═════ Given records ═════

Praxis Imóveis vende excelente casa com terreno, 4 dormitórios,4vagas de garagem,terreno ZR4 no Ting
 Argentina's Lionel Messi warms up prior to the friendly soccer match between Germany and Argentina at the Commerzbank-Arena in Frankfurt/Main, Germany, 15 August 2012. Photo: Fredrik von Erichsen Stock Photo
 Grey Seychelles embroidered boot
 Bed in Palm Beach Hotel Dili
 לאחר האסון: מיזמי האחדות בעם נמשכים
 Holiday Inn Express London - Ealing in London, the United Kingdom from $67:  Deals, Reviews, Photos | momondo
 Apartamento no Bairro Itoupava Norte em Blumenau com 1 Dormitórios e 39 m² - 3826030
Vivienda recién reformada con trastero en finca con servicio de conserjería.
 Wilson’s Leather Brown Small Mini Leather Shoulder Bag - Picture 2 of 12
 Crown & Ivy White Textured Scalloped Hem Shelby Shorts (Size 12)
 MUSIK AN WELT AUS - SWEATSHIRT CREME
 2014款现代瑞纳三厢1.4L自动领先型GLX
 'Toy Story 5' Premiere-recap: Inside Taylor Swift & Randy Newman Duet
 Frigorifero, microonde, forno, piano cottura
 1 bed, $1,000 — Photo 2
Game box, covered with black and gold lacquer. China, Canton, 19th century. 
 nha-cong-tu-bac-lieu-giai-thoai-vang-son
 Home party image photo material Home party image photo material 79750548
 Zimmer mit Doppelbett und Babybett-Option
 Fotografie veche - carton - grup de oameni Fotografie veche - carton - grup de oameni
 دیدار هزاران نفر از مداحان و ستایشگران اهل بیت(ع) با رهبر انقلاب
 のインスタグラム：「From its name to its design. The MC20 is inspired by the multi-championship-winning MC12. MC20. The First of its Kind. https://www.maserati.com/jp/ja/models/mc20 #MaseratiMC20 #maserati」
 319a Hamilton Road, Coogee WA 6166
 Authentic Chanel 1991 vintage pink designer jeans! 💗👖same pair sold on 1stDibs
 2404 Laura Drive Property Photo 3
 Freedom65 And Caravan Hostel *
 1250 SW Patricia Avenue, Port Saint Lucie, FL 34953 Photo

═════

Exercise instructions:
Within the listing above, locate the line containing "2014款现代瑞纳三厢1.4L自动领先型GLX" and the line containing "Authentic Chanel 1991". Reproduce those two lines and all lines between them exactly, with nothing added.

Task response:
 2014款现代瑞纳三厢1.4L自动领先型GLX
 'Toy Story 5' Premiere-recap: Inside Taylor Swift & Randy Newman Duet
 Frigorifero, microonde, forno, piano cottura
 1 bed, $1,000 — Photo 2
Game box, covered with black and gold lacquer. China, Canton, 19th century. 
 nha-cong-tu-bac-lieu-giai-thoai-vang-son
 Home party image photo material Home party image photo material 79750548
 Zimmer mit Doppelbett und Babybett-Option
 Fotografie veche - carton - grup de oameni Fotografie veche - carton - grup de oameni
 دیدار هزاران نفر از مداحان و ستایشگران اهل بیت(ع) با رهبر انقلاب
 のインスタグラム：「From its name to its design. The MC20 is inspired by the multi-championship-winning MC12. MC20. The First of its Kind. https://www.maserati.com/jp/ja/models/mc20 #MaseratiMC20 #maserati」
 319a Hamilton Road, Coogee WA 6166
 Authentic Chanel 1991 vintage pink designer jeans! 💗👖same pair sold on 1stDibs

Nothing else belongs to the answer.